Recently I was in what can only be described as a “Christian” hotel, which is a nice change-of-pace.
As evidence, there were no “premium” channels on my TV, and the movies we could borrow from the front desk were only “G” and “PG”-rated. None had an “R” rating. In the lobby were dozens of books to borrow as well, with titles from Dr. James Dobson, Tim Keller, Charles Stanley, Chuck Swindoll, and even Tim Tebow.
Nice. Finally, a place where I could be free—if just for a moment—from the onslaught of negative influences.
Which got me to thinking, what is one thing I’d love to change in every hotel? Instantly, the “Save our Planet” signs in the hotel bathroom came to mind, those little reminders telling us that if we will just hang up our towels instead of dumping them on the floor, we’ll save a gazillion gallons of water and Planet Earth will live to see another day.
The truth is, I always hang up my towels. I do so because it’s a waste of everyone’s money for me to expect an untouched towel after every shower. If we washed a towel after every usage at my house, we’d be financially destitute in a few weeks. I figure it’s a good idea to carry this over to hotels, something about a Golden Rule.
But save the planet? I’m skeptical.
We must be good stewards of our environment but let’s not kid ourselves. The environmental movement is closely tied to the abortion lobby, where we are told we need abortion because we need fewer children...so we can save our planet.
Most of the time when I see the little plastic sign in my hotel bathroom (a sign which is likely not biodegradable, by the way), I just overlook it and do my thing. If they believe I’m saving the planet, have at it.
But the signs remind me that while often subtle, the messages we receive from this world are most often stacked against life.

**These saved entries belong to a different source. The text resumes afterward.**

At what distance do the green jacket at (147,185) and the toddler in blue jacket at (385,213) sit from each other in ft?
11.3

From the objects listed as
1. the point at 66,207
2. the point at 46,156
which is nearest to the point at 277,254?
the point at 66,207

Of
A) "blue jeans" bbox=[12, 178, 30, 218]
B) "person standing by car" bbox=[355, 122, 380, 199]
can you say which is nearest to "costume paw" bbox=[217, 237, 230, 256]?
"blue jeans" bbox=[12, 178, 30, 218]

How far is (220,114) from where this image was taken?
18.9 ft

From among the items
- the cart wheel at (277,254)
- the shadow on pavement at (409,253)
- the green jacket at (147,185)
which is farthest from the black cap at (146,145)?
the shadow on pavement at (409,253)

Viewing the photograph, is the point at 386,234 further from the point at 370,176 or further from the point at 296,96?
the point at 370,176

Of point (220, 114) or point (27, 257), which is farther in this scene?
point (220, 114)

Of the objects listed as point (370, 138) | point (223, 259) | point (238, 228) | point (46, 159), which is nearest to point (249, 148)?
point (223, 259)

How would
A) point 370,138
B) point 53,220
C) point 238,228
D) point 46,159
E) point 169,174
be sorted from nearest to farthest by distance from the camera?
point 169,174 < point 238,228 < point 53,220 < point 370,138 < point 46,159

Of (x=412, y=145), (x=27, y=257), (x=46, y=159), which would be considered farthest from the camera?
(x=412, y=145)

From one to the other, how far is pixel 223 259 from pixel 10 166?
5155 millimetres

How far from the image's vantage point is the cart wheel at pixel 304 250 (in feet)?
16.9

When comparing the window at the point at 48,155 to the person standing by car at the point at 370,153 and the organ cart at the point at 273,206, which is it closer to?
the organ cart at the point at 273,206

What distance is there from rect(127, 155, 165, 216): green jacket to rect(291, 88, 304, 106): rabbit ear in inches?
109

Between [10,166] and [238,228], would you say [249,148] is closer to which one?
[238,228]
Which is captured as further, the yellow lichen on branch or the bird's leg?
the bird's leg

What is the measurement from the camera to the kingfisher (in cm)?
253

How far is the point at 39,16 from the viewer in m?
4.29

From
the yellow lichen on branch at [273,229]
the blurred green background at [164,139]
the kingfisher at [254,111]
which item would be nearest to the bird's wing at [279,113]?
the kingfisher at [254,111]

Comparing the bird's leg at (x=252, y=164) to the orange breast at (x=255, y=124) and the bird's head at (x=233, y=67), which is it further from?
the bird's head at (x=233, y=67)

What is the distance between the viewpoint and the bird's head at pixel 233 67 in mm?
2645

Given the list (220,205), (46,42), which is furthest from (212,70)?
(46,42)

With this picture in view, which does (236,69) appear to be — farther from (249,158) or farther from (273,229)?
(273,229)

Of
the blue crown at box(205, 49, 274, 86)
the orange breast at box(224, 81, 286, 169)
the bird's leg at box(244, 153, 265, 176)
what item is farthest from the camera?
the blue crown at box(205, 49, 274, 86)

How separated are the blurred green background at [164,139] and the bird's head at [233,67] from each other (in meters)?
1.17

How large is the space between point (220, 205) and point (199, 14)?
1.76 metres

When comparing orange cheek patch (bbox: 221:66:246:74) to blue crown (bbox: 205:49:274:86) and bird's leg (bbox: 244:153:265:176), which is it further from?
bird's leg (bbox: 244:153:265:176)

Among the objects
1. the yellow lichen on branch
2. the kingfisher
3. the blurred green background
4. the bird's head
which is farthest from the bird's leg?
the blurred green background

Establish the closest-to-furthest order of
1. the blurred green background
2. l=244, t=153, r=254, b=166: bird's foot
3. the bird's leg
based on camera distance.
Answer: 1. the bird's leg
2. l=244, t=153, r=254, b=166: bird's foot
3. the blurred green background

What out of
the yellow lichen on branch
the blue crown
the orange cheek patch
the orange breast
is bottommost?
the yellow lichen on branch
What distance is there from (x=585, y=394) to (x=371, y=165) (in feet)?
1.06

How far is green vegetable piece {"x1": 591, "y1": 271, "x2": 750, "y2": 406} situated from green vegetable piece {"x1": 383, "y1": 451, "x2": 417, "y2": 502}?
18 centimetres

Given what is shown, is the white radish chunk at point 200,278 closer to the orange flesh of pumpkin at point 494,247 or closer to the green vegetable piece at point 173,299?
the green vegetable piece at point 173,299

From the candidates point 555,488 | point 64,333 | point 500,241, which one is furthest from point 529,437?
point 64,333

My hotel incident connects with another interesting moment, this time with Facebook.
This week, I decided to run a Facebook ad for my book, The Wall. For the uninitiated, one way to create a Facebook ad is to create a post, then “boost” it with a few dollars, sending it to thousands of people for $10 to $25 or so.
I went to my Facebook page for the book and created my post; no problem. Here is what it says: “A must-read for every pro-life individual. The Wall puts forth a simple, powerful plan which can change our culture. And, in pockets across this country, it is already working. Find out how:”
Then, I added a link to the book on Amazon. That was it. Nothing fancy and hardly the prose of a New York advertising agency.
By the way, Amazon must love the book; they’ve reduced the price some 60 percent, to $4.79. And if you want a signed copy, there’s one I signed to someone named “Chrystal” in Kentucky who loved it so much she’s selling it for $12.01. This knowledge builds my humility quotient.
But I digress.
Facebook’s algorithm jumped in once I created my post, asking me if I wanted to “boost this post” to reach a wider swath of readers. Sure! I picked an audience of pro-life Facebook folks in several states, ages 35 to 65. I was told my ad would reach nearly 10,000 people and I figured if somehow 15 people decided to buy the book, I’d break even.
I clicked the correct buttons, and Facebook told me they would run my ad through its approval process. No problem, right?
Wrong. Fifteen minutes later my ad—which Facebook asked me to create—was “disapproved.”
Why? Apparently, my post dealt with a “political or social issue” and is not allowed unless I submit to what appears to be a 453-step identification process to avoid my putting forth “fake news” or something. Right now, I’m working on it. Get back to me in 2047 and I’ll let you know how things are going.
Perhaps the problem was my book title, which President Trump used as a launching pad toward his election. Full disclosure though: The book came out before he announced he was running for president. I’ll also point out, my previous Facebook boost of the book—without the word, “pro-life”—passed muster easily.
Just a guess here, but maybe Facebook is not fond of “pro-life” in an ad. Perhaps if my book was about “saving the planet, one unwashed towel at a time,” instead of saving the lives of children, I wouldn’t be subjected to this Facebook inquisition.
Tweet This: "Perhaps if my book was about 'saving the planet' instead of saving children, I wouldn’t be subjected to this @Facebook inquisition."
No, I don’t hate Facebook and won’t call for a boycott. I’ll be on there tonight I’m sure, because I need to know what my friends had for dinner.
But this incident is yet another reminder that changing our culture takes time. If we pout whenever things aren’t easy, we’re going to have a rough go of things.
Me? No worries. In time, I’ll get my ad out there. It just takes extra work. And I still believe one day, we’re going to see a culture where the word “pro-life” is not only accepted, it is celebrated. My dream is that on that day, a lot of us are going to smile and say, “I was pro-life when pro-life wasn’t cool.”
Obviously, that day is not yet here. But it’s coming. I’m thrilled to be a part of the process, and if Facebook isn’t there yet, I’ve got an opportunity to help them out this week.
And the better news? If anyone reading this column is named “Chrystal,” an autographed copy of The Wall (listed as a “collectible,” no less!) has your name on it for only $12.01, + $4.79 shipping and handling.